I know that I’m sounding like a broken record, but the reason why I liked the movie was that the writing was entertaining.  Steve Bencich and Ron J. Friedman wrote it, with additional story material written by a pair of writers who were involved in writing the script to the 2001 movie Monsters, Inc., Robert L. Baird and Dan Gerson.  I’m glad that Baird and Gerson had helped Benrich and Friedman out, because Benrich and Friedman’s last collaboration was the 2003 just-okay Disney traditionally-animated movie Brother Bear.  They came up with a script that was witty and filled with many sight gags, something that is usually the forte of the Shrek movies.  You can also credit director Mark Dindal, whose last Disney directing effort was the underrated 2000 movie The Emperor’s New Groove, for shaping the style of the movie.

At first I didn’t know what to think of Braff as the voice of Chicken Little, because I had been disappointed in the vocal performance of Ewan McGregor in the title role in Valiant, but it worked.  All of the rest of the voices were great.  If I saw the characters of Buck and Runt initially, I would have totally pictured Marshall and Zahn to voice them.  Cusack as Abby was a little obvious, but if she doesn’t mind being typecast, than I don’t mind.

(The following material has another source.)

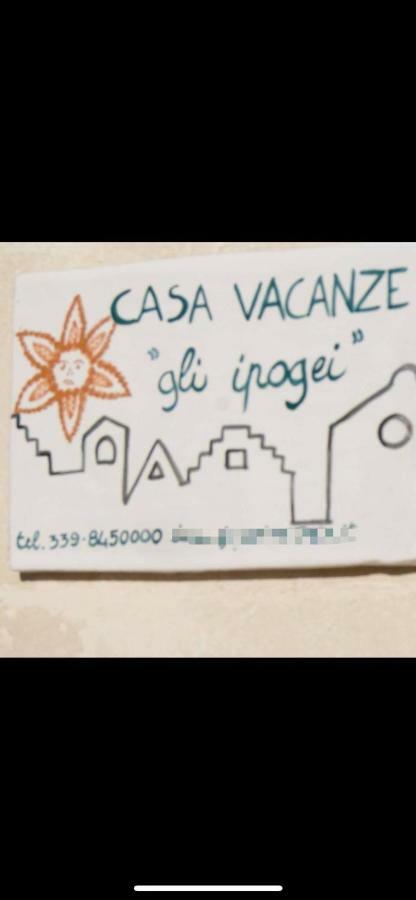 Gli Ipogei Nel Cuore Di Matera Villa Exterior foto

Chicken Little has risen above both Madagascar and Wallace & Gromit: The Curse of the Were-Rabbit as my favorite kiddie flick of 2005 so far.  Assuming that another movie doesn’t top it in the next two months, it will probably end up being my favorite family film of the year.  I’ve read the comments from other critics who don’t seem to think it is as good as Pixar classics like 2003’s Finding Nemo and last year’s The Incredibles, but think that it comes awfully close.  The other critics may think that the sky is falling for Disney, but I know that audiences won’t be too chicken to see it.